Many of the “unchurched” people I have talked to recently describe the church as “money-hungry,” “irrelevant,” and “inwardly focused.”
If you are saying “amen” to those characterizations, I would encourage you to reevaluate your attitude toward the church as you consider just a few of the reasons I love the church.
The church started an educational revolution.
Jesus once encouraged his followers to “love the Lord your God with all your mind.” To worship God with your mind was a new concept and it has been a prime mover in churches ever since.
This command resulted in the printing press, invented by Christian men for the purpose of making the Bible accessible to all people.
All but one of the first 123 universities in America were started by Christians for Christian purposes.
Public education began in 1647 when the Massachusetts Bay Colony decreed that every town of 50 families should have an elementary school so children could learn how to read the Bible. Many of the highest-achieving schools in our area are Christian-based programs, meeting in or funded by churches.
All of that to say, where would education be if not for the influence of the church?
The church started a charitable revolution.
Being generous to those in need was a foreign concept in the ancient world. The poor, widowed, orphaned and sick were forced to fend for themselves. But Jesus modeled a different way of life.
One of the earliest church leaders wrote this when considering the example of Jesus, “Religion that God our Father accepts as pure and faultless is this: to look after orphans and widows in their distress.”
In 325AD at the Council of Nicea, churches decided to build a hospital in every town that had a cathedral, the first ever initiative to make medical care accessible to all.
The five largest charitable organizations in the world today were started by Christians. According to a CNN report last week, church-based organizations have contributed more to recent hurricane relief efforts than FEMA.
In Winchester, churches are a driving force in addressing our most pressing issues with programs like Read to Succeed (literacy program), Celebrate Recovery (addiction program), New Beginnings (crisis pregnancy center), Community Services (began by the Ministerial Alliance), just to name a few. Who would address these issues, if not for the church?

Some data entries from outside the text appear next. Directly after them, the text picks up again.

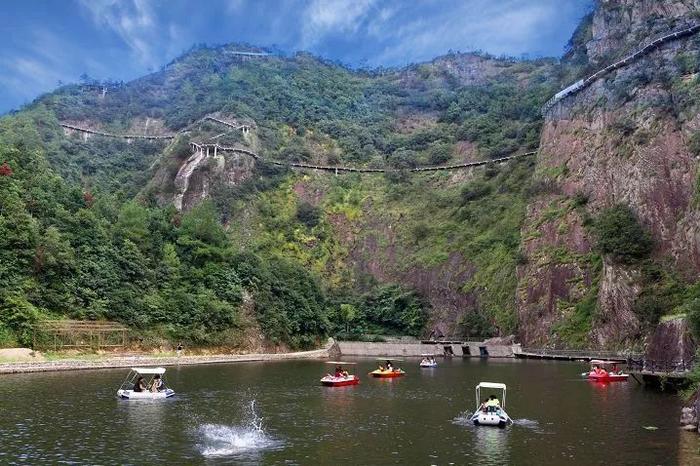 江浙沪唯一的高山滑道漂流，从山顶呼啸而下，400米落差的刺激感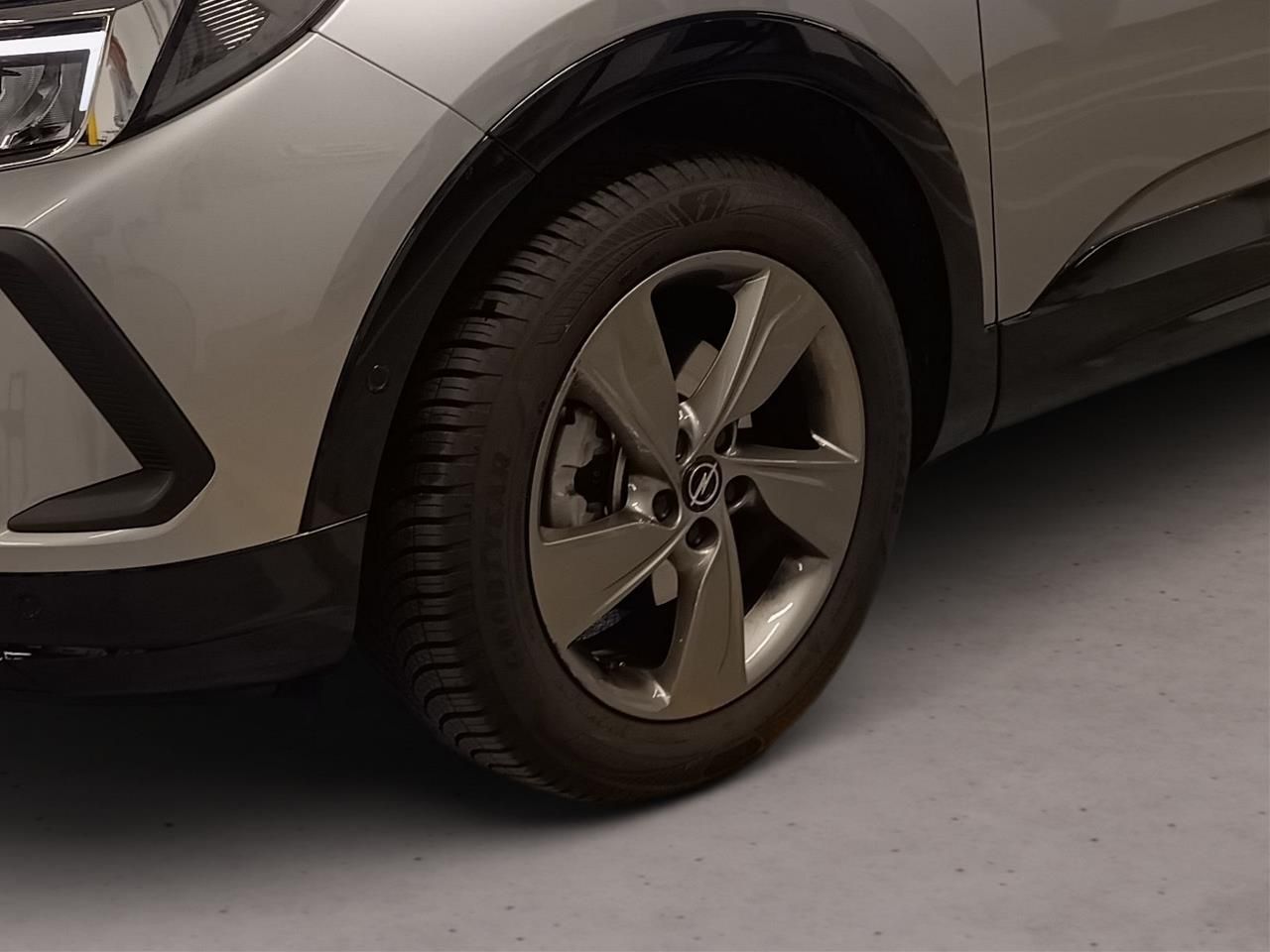 Fahrzeugabbildung Opel Grandland 1.2 Turbo GS AT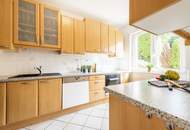 Familienparadies: Großzügige Villa für 1 oder 2 Haushalte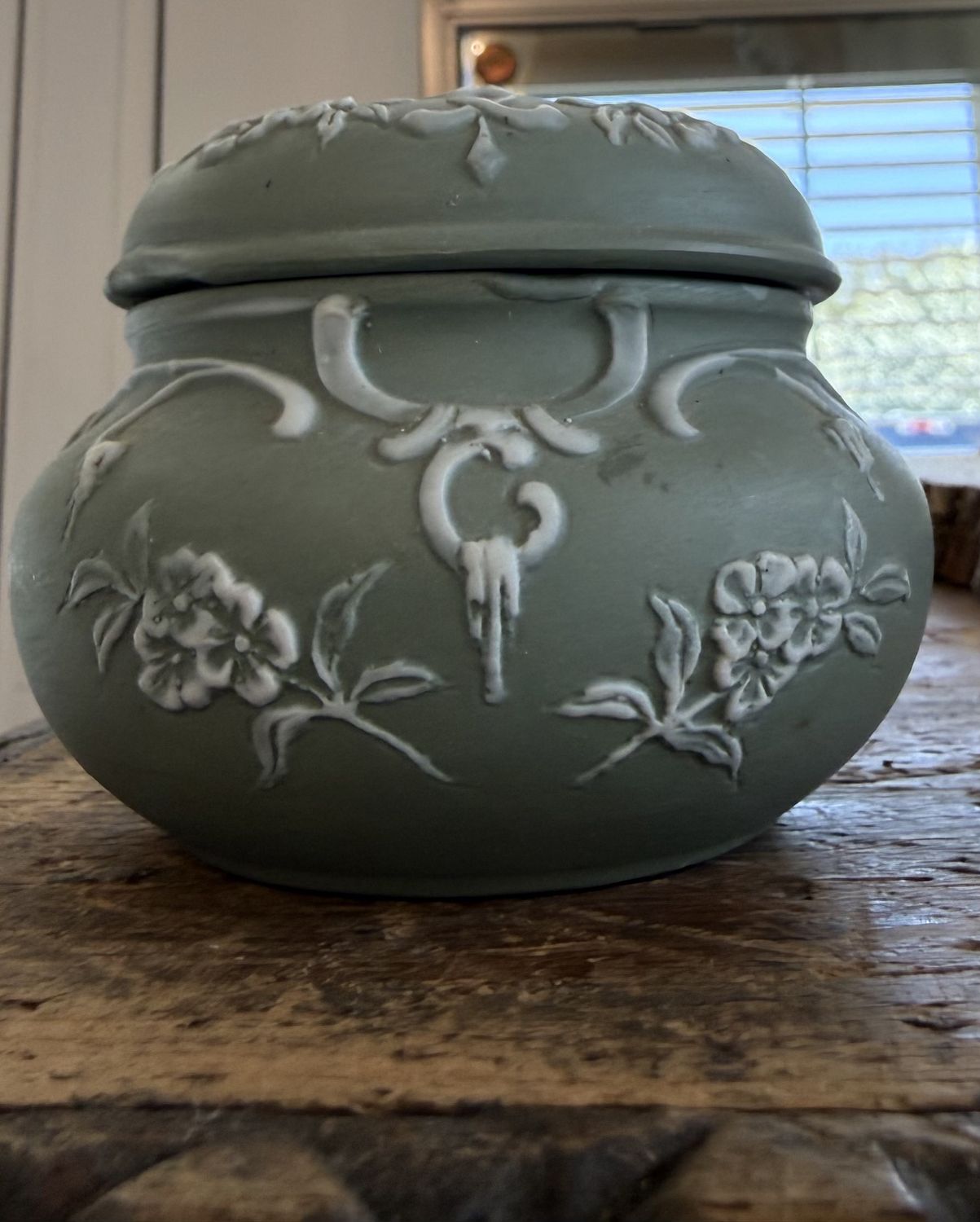 Green Jasperware Floral Trinket Dish w/Lid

I could go on and on about the revolutionary impact churches have made and continue to make.
I haven’t mentioned the countless homes warmed, bellies filled, marriages saved, orphans adopted or lives changed as a direct result of the churches in this community.
I am convinced that the church is the single greatest force for good the world has ever seen.
Maybe it is time for you to reconsider the church.
Reasonably consider most churches and you will find that we are for the city and we are for you.
We don’t want something from you; we want something for you.
We pray “Father, your will be done in Winchester as it is in Heaven.”
Churches aren’t perfect but there is much to love about your local churches.